The federal government’s emissions trading green paper is the important starting point for discussions about Australia’s contribution a lower-emissions future, BCA President Greig Gailey said.
“A long-term solution to climate change will involve the transition from a high- to a low-emissions global economy. No-one should be under any illusion about the enormity of the task or about the availability of a quick fix,” Mr Gailey said.
“Getting the design right for an Australian emissions trading scheme is critical in terms of Australia achieving emissions reductions and to our economic future. This task is all the harder in the absence of a global response.
“The debate is no longer around whether we should reduce global emissions, but rather, what cost we are prepared to bear within Australia in striving to cut global emissions.

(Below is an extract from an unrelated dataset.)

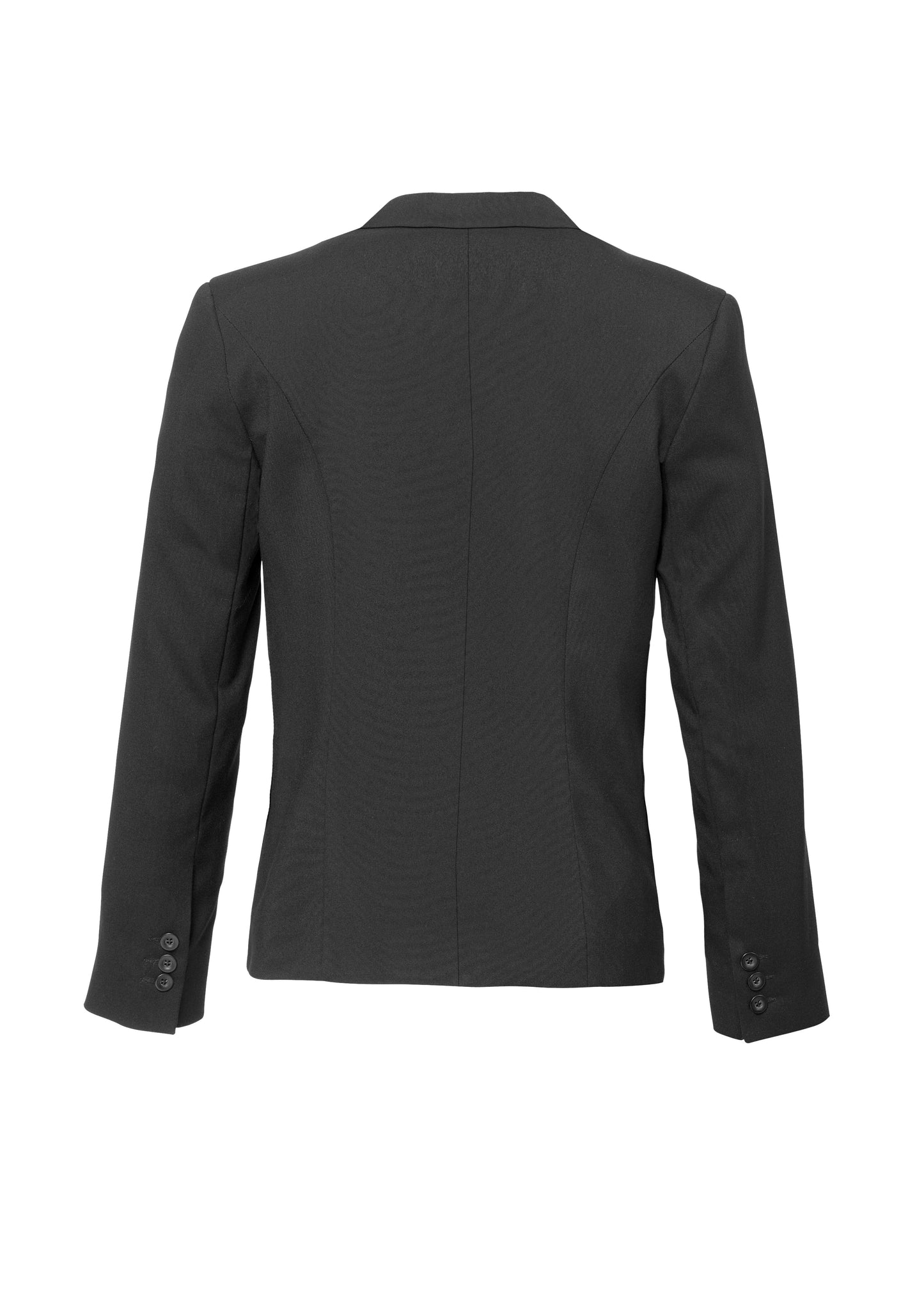 BIZ CORPORATES Womens Cool Stretch Short Jacket with Reverse Lapel 60113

“Unless we put in place a system that supports sustained economic growth and provides an environment for business to invest in a lower-emissions future, our emissions goals will not be met,” he said.

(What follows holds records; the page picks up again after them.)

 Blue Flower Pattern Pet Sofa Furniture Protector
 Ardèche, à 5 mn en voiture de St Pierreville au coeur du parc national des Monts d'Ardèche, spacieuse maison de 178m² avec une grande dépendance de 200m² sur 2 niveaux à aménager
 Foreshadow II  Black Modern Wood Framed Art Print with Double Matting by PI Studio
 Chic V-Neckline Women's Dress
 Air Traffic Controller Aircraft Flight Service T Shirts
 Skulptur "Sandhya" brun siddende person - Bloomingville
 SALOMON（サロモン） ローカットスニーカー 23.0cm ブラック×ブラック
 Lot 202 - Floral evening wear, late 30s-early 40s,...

“The green paper provides the basis for ongoing discussions with the government, but the devil remains in the detail in terms of whether the options put forward will achieve the twin objectives of sustaining growth while meaningfully reducing emissions.”

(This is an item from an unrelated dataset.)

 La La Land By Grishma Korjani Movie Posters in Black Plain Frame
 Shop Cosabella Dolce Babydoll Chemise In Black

During the consultation period over the next few months the BCA will seek to ensure the government’s final position on the design of an emissions trading scheme:
- fully addresses competiveness and carbon leakage issues related to industries that are trade-exposed and emissions-intensive (TEEIs);
- ensures the potential for growth in the TEEIs industries in coming decades is not eroded in the absence of a global price; and
- ensures the ongoing reliability of electricity supply by managing the impacts of an emissions trading scheme on investment decisions.
The emissions trading scheme should achieve a market response that ensures increased use of existing and emerging low-emission and renewable energy sources, continued investment in research and development of new low-emission technologies, while encouraging greater energy efficiency across all sections of the economy,” he said.
“The green paper considers these major issues and has identified possible ways forward.
“It is essential that these now be considered and assessed to ensure that they facilitate a reduction in global emissions, prevent adverse impacts on Australia’s economic growth and promote business investment and innovation.
“The BCA is pleased to see the government has considered the impacts on electricity supply and the need for a smooth transition to less emissions intensive generation.
“The green paper discusses a number of issues related to TEEIs but the overriding concern must prevent leakage and ensure Australia’s competiveness is maintained in the absence of a global price on carbon. Approaches must be assessed in this context.
“The introduction of a national emissions trading scheme will be the most significant policy decision the Rudd Government makes. Now we must ensure we get the details right,” he said.